Protection of Stocking Frames, etc. Act 1788
- Parliament of Great Britain
- Long title: An Act for the better and more effectual Protection of Stocking Frames and the Machines or Engines annexed thereto or used therewith and for the Punishment of Persons destroying or injuring of such Stocking Frames Machines or Engines and the Framework knitted Pieces Stockings and other Articles and Goods used and made in the Hosiery or Framework knitted Manufactory or breaking or destroying any Machinery contained in any Mill or Mills used or any way employed in preparing or spinning of Wool or Cotton for the use of the Stocking Frame.
- Citation: 28 Geo. 3. c. 55
- Introduced by: D. P. Coke
- Territorial extent: Great Britain

Dates
- Royal assent: 25 June 1788
- Commencement: 27 November 1787
- Repealed: 26 July 1889

Other legislation
- Amended by: Capital Punishments, etc. Act 1823; Statute Law Revision Act 1871; Statute Law Revision Act 1888;
- Repealed by: Master and Servant Act 1889
- Relates to: Destruction of Stocking Frames, etc. Act 1812; Destruction of Stocking Frames, etc. Act 1813; Destroying Stocking Frames, etc. Act 1817;

Status: Repealed

Text of statute as originally enacted

= Protection of Stocking Frames, etc. Act 1788 =

Act of the Parliament of Great Britain

The Protection of Stocking Frames, etc. Act 1788 (28 Geo. 3. c. 55) was an act of the Parliament of Great Britain passed in 1788 and aimed at increasing the penalties for the deliberate disruption of the activity of mechanical knitting machines (stocking frames).

==Contents==
Section one of the act made failure to return frames that had been hired from their owner punishable with a fine, whilst section two made unlawfully disposing of hired frames punishable with imprisonment, and section three made the purchaser equally culpable if he or she knew the frames were not the property of the seller. The final (and most strongly worded) section of the act, section four, made the outright destruction of the frames a felony punishable by 7 to 14 years transportation. The act also included the same penalty for entering by force with the intent to destroy frames or their associated paraphernalia. It was established in later case law that theft of items integral to the correct functioning of the machines (even if they were not damaged) was sufficient to meet the threshold for the act.

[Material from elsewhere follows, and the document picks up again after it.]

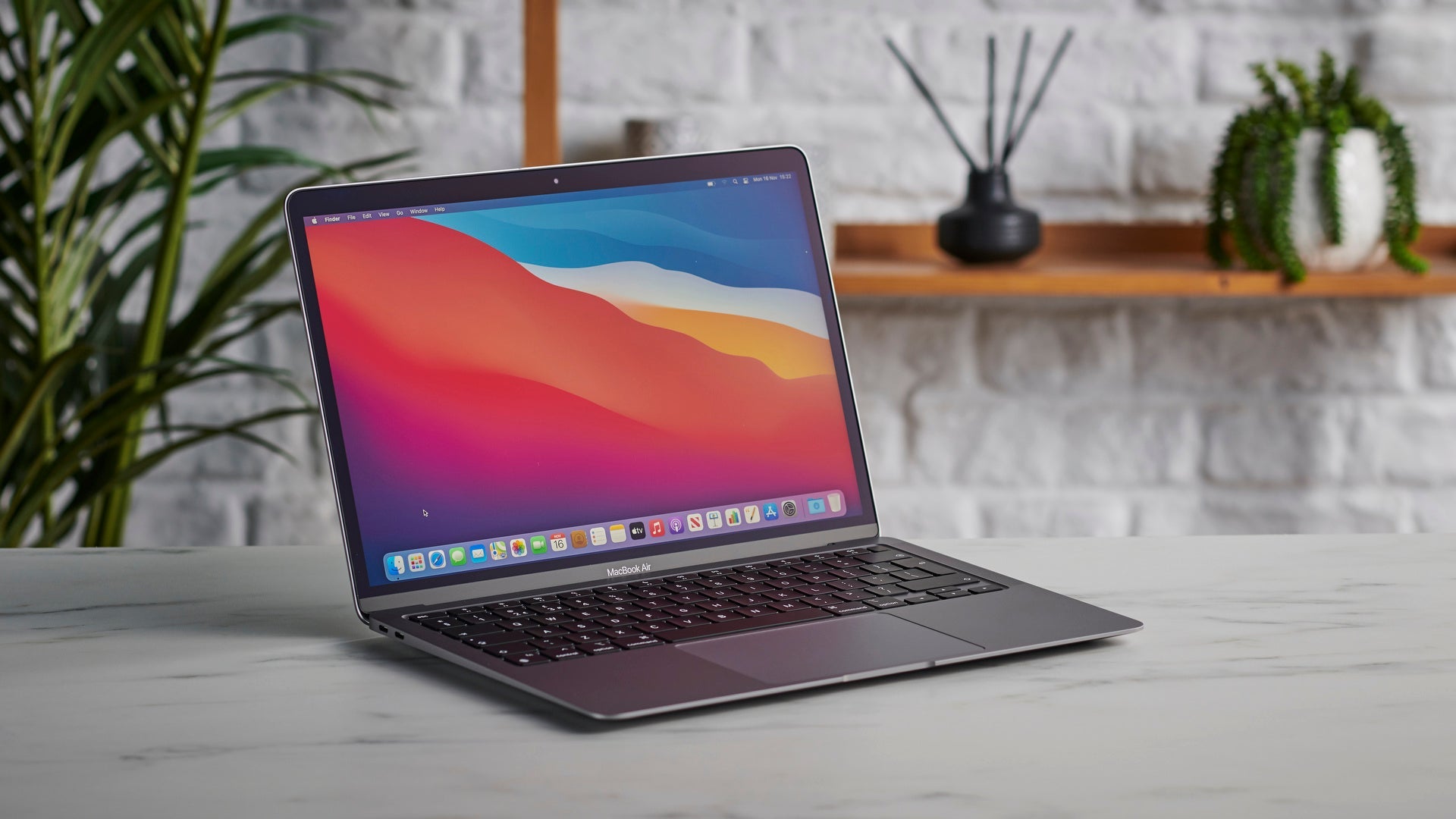 MacBook Air 2020 (13-inch) M1 8GB RAM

The act described itself as a response to the malicious theft of frames, and the propensity for "discontents ... and other disorderly persons [to] have assembled in a riotous and tumultuous manner and have destroyed or materially damaged great numbers of stocking frames". Daniel Coke, Member of Parliament for Nottingham, spoke on behalf of the bill in the Commons, citing disturbances in the town and pointing to previous legislation aimed at similar disruption in the wool trade. Coke originally proposed that machine-breaking carry the death penalty, but was later forced to abandon this, seeing the request "overwhelmingly rejected" by Parliament. The act was eventually passed and received royal assent on 25 June 1788.

==Significance==
Later acts, such as the Destruction of Stocking Frames, etc. Act 1812 (52 Geo. 3. c. 16), temporarily allowed judges to administer the death penalty for the crime of damaging frames, citing the "ineffectual" nature of the lesser punishments set out in section four of the 1788 act. Section four of the 1788 act was officially repealed by the Capital Punishments, etc. Act 1823 (4 Geo. 4. c. 46), which, whilst not removing the possibility of transportation, gave judges additional room to sentence offenders to alternative punishments such as imprisonment.

== Subsequent developments ==
Section 4 of the act was repealed by section 1 of, and the schedule to, the Statute Law Revision Act 1871 (34 & 35 Vict. c. 116), which came into force on 21 August 1871.

The whole act was repealed by section 2 of, and the schedule to, the Master and Servant Act 1889 (52 & 53 Vict. c. 24), which came into force on 26 July 1889.